WASHINGTON (DTN) -- Following Wednesday's sell-off triggered by bearish inventory data in the United States, oil futures on the New York Mercantile Exchange and Brent crude traded on the Intercontinental Exchange softened again early Thursday as markets digested the latest releases of macroeconomic data and comments from the Federal Reserve Chairman Jerome Powell who left the door open for a potential pause in raising interest rates as the committee assesses the pace and scope of disinflation across the broader economy.

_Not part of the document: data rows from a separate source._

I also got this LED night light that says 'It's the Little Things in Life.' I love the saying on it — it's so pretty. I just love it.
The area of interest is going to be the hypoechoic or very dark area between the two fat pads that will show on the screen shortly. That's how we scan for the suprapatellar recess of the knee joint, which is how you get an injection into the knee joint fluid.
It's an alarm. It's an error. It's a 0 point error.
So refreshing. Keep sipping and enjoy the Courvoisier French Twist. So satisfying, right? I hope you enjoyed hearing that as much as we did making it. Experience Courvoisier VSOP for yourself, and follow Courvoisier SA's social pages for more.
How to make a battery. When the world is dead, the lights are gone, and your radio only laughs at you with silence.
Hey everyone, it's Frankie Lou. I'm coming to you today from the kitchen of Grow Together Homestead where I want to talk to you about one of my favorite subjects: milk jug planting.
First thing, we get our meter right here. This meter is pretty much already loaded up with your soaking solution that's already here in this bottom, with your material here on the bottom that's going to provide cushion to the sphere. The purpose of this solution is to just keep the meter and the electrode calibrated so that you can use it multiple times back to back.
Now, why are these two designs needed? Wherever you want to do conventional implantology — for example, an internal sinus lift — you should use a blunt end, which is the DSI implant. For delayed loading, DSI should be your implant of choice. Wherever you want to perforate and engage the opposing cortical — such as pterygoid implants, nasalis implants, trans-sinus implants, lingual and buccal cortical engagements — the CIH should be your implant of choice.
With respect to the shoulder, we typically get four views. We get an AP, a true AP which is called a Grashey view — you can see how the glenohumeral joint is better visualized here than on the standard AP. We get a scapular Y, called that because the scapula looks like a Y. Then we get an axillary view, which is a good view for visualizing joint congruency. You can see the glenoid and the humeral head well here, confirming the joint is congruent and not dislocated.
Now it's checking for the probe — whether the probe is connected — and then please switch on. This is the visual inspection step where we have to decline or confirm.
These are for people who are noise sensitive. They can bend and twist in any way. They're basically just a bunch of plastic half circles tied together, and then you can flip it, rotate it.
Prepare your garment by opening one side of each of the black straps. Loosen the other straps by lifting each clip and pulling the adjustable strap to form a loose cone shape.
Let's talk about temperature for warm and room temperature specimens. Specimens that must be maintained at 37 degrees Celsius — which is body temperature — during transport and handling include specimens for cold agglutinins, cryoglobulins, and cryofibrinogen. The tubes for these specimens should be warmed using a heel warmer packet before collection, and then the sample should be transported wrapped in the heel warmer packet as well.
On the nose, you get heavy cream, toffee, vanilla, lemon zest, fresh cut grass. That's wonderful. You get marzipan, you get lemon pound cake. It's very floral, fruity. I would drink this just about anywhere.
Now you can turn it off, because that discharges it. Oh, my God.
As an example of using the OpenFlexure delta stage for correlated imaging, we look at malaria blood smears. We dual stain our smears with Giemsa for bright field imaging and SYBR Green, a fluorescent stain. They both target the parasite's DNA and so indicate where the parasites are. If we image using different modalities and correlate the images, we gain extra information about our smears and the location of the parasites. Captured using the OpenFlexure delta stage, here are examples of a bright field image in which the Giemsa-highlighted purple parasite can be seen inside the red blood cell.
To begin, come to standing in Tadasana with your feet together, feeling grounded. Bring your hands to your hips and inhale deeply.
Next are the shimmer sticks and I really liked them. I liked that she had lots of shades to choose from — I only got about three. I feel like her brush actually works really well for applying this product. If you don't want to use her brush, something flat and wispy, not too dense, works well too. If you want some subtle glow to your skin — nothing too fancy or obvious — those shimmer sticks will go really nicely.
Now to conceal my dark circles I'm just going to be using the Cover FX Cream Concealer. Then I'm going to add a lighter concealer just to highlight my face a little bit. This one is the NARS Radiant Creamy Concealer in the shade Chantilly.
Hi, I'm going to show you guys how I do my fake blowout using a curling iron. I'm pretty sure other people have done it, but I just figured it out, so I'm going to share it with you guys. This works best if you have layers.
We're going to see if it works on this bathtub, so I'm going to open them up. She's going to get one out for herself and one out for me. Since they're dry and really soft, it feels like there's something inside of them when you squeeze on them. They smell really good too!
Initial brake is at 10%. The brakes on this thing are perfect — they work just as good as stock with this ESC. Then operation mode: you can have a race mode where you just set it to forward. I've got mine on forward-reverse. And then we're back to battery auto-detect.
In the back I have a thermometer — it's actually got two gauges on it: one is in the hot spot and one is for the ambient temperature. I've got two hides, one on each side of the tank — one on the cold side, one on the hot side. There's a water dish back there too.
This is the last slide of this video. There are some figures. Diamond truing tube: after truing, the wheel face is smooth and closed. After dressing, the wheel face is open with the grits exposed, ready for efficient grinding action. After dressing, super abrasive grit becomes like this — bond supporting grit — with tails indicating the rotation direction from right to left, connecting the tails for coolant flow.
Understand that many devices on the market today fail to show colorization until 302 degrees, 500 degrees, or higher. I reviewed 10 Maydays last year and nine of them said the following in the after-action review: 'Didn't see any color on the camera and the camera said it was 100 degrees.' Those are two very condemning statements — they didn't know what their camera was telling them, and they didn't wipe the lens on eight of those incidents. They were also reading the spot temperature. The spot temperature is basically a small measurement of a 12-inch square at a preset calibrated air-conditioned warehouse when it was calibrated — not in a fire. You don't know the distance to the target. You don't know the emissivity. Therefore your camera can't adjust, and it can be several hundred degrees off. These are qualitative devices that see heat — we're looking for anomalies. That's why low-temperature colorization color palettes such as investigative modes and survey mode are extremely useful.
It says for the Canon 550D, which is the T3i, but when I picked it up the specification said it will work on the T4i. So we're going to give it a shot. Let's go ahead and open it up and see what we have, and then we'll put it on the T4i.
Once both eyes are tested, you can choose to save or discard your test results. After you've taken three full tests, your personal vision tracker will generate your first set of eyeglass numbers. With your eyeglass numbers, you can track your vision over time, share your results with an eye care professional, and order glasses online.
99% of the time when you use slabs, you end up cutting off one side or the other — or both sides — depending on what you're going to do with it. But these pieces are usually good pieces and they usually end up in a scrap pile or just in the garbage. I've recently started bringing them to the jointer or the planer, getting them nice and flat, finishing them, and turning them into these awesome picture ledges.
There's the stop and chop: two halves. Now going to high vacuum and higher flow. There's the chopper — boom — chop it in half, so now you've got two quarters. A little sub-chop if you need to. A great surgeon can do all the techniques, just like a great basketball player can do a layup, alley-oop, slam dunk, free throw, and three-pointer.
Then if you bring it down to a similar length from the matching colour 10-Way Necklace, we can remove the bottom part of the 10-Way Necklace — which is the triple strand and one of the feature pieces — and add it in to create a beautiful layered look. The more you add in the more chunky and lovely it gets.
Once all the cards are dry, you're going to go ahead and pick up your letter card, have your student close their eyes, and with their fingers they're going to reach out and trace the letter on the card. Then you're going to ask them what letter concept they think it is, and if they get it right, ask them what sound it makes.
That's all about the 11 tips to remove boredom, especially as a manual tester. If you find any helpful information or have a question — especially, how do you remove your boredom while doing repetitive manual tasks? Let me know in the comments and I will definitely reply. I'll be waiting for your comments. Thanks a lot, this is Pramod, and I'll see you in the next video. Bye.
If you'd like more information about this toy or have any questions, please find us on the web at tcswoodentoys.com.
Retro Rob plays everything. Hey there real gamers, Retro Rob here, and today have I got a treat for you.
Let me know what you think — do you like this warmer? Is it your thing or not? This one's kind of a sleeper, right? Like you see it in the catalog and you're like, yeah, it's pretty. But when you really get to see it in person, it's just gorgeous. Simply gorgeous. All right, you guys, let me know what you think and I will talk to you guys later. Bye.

In line with market expectations, the Federal Open Market Committee (FOMC) raised its benchmark interest rate by 25 basis points Wednesday, lifting the target range to 4.5% to 4.75%. "The Committee anticipates that ongoing increases in the target range will be appropriate in order to attain a stance of monetary policy that is sufficiently restrictive to return inflation to 2% over time," read the FOMC statement. In a news conference following the rate decision, Chairman Jerome Powell, however, struck a more dovish tone than many anticipated, acknowledging that disinflationary processes have begun in some sectors of the economy, particular in goods, but have yet to spread into the broader economy. U.S. manufacturing is already in a recession based on the latest monthly report from the Institute for Supply Management (ISM) released Wednesday, with the headline index slipping to its lowest level since the first wave of the pandemic in March and April 2020 and before that the recession in June 2009. In contrast, services PMIs fell into contraction for the first time last month in 2-1/2 years, meaning the recession that is well under way in the manufacturing sector has only begun to affect services.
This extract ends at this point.